The reasons for switching to all-domestic lists make the concept a no-brainer. But is it financially viable and will consumers buy into it?

Holistic Thinking

In the late ‘90s and early aughts, the slow food movement spawned a flurry of farm-to-table restaurants across the U.S. The obsession with knowing every small detail about the origins of produce became so pervasive that it was even reduced down to a Portlandia skit. Though restaurants successfully championed this idea on the food side, beverage directors haven’t followed chefs’ leads, and continue to pour global wines alongside the local menus.
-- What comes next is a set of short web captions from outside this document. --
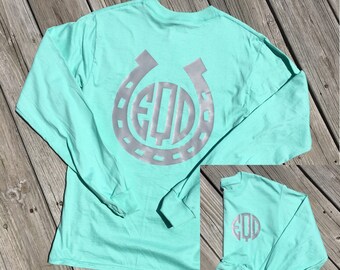 Monogrammed Horseshoe Long Sleeve Shirt. Southern Shirt. Horseshoe Tee. Horse Shirt. Southern Tee. Country Shirt. Country Tee.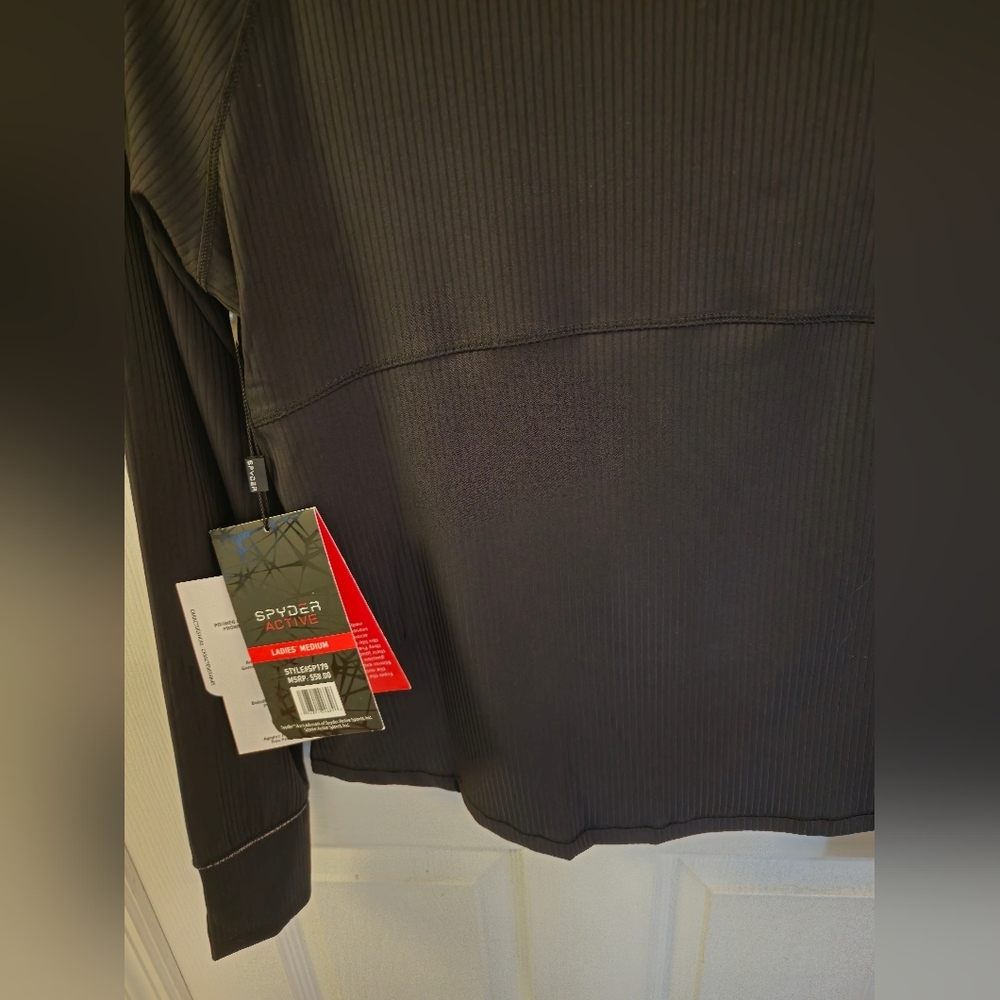 NWT Spyder Women's Active Pullover Crew Long Sleeves Shirt Black Size Medium - Picture 9 of 16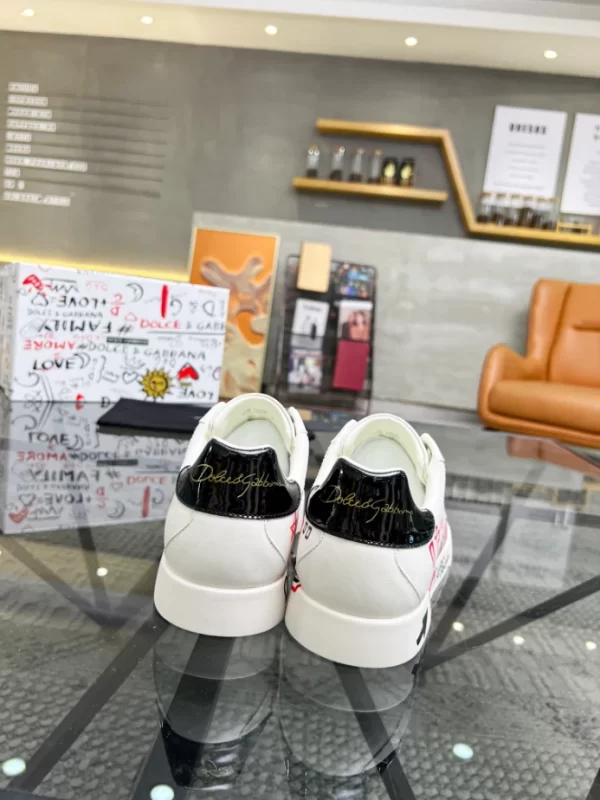 CHRISTIAN LOUBOUTIN LOW TOP SNEAKER - CL155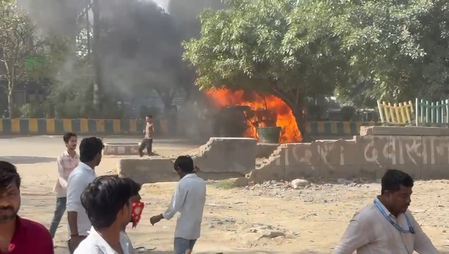 वेतन बढ़ोतरी की मांग पर नोएडा फेस-2 में हंगामा, रिचा ग्लोबल कंपनी बना विवाद का केंद्र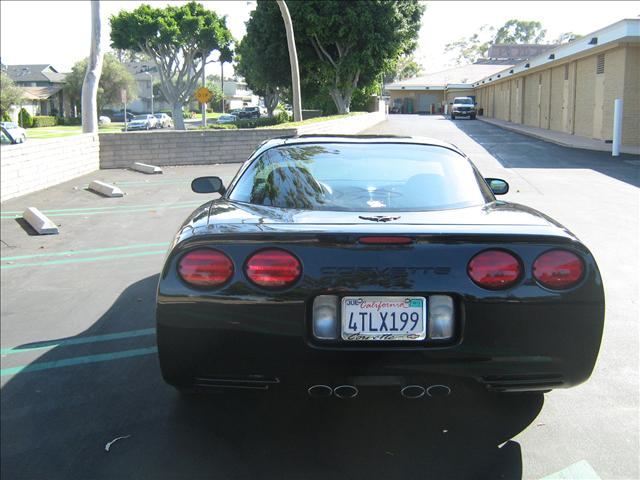 Chevrolet Corvette 2001 photo 3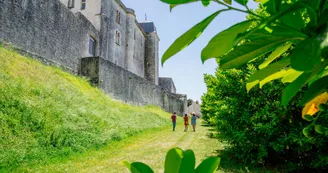 Village de Villebois-Lavalette, Petite citée de caractère et son château médiéval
One restaurant that challenges the status quo is The Marshal in New York City’s Hell’s Kitchen neighborhood. Chef Charlie Marshall opened the concept 10 years ago with sustainability top of mind. Not only are the ingredients locally sourced and the ovens fueled with wood from nearby orchards, The Marshal also pours wines exclusively from New York State. “If you’re going to call yourself a farm-to-table restaurant, you should be sourcing a lot of your wines locally,” Marshall says.

Similarly, East Village restaurant Rosella serves sushi and creative Japanese-inspired dishes using North American-sourced seafood. Patrons might find themselves enjoying bluefin tuna sashimi from Nova Scotia, farro miso soup with Pennsylvania-made miso, and even soy sauce from Connecticut.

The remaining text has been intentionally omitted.